Assigned task: Write out every line below again exactly as it stands, skipping each image.

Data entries
────────────────
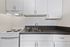 Sleek modern kitchen featuring white cabinetry, stainless steel sink, and electric stove.
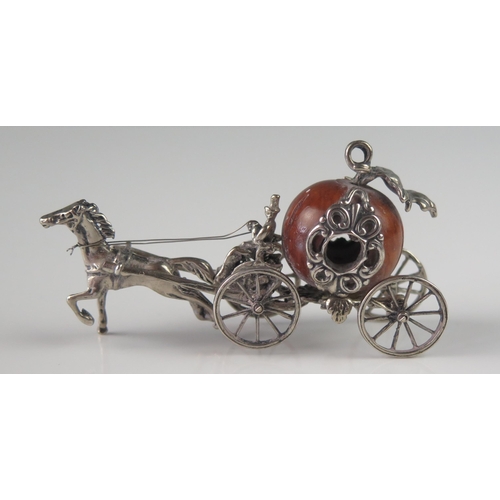 507 - A miniature silver model of a coach, unmarked, with nut coachworks drawn by a single horse, with dri... 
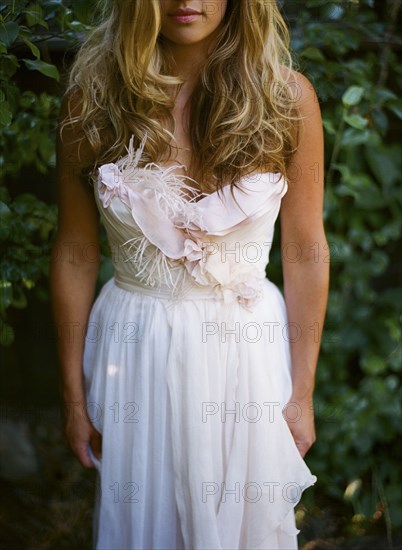 Bride wearing wedding dress in garden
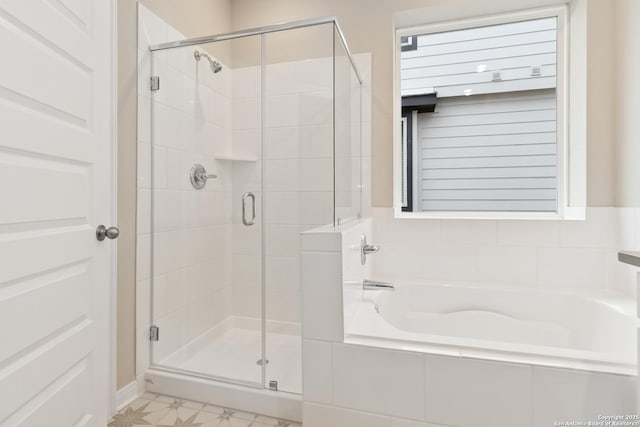 bathroom featuring a shower stall, a bath, and tile patterned floors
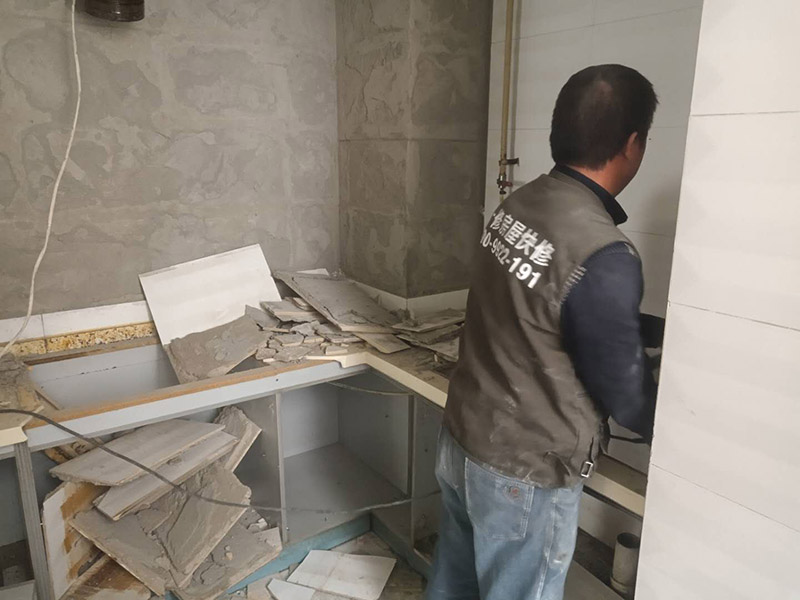 廚房瓷磚拆除：墻面上應(yīng)該還有些其他東西，比如掛毛巾的架子，放廚具的架子等等。先把這些物品都小心翼翼的拆下來(lái)，還原一面光潔的墻面，才好進(jìn)行拆卸工作。拆卸的時(shí)候要先從墻低的第一塊磚開(kāi)始拆卸，要是直接隨便從上面那一塊拆卸，拆到一半就會(huì)擋住下面的瓷磚，讓下面的瓷磚不好拆了。先用垂子敲最下面的那塊磚，把瓷磚敲松動(dòng)。送動(dòng)后，再用戴了手套的手把瓷磚拿下來(lái)，小心碎了瓷磚不要?jiǎng)澋绞至恕２鹦断聛?lái)的瓷磚堆積在地上很不方便繼續(xù)工作，這個(gè)時(shí)候上面提到的推車就派上用場(chǎng)了。用推車把瓷磚運(yùn)走，清理干凈現(xiàn)場(chǎng)，然后繼續(xù)拆卸，直到整面的墻面都拆卸完整。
────────────────
Written answer:
 Sleek modern kitchen featuring white cabinetry, stainless steel sink, and electric stove.
 507 - A miniature silver model of a coach, unmarked, with nut coachworks drawn by a single horse, with dri... 
 Bride wearing wedding dress in garden
 bathroom featuring a shower stall, a bath, and tile patterned floors
 廚房瓷磚拆除：墻面上應(yīng)該還有些其他東西，比如掛毛巾的架子，放廚具的架子等等。先把這些物品都小心翼翼的拆下來(lái)，還原一面光潔的墻面，才好進(jìn)行拆卸工作。拆卸的時(shí)候要先從墻低的第一塊磚開(kāi)始拆卸，要是直接隨便從上面那一塊拆卸，拆到一半就會(huì)擋住下面的瓷磚，讓下面的瓷磚不好拆了。先用垂子敲最下面的那塊磚，把瓷磚敲松動(dòng)。送動(dòng)后，再用戴了手套的手把瓷磚拿下來(lái)，小心碎了瓷磚不要?jiǎng)澋绞至恕２鹦断聛?lái)的瓷磚堆積在地上很不方便繼續(xù)工作，這個(gè)時(shí)候上面提到的推車就派上用場(chǎng)了。用推車把瓷磚運(yùn)走，清理干凈現(xiàn)場(chǎng)，然后繼續(xù)拆卸，直到整面的墻面都拆卸完整。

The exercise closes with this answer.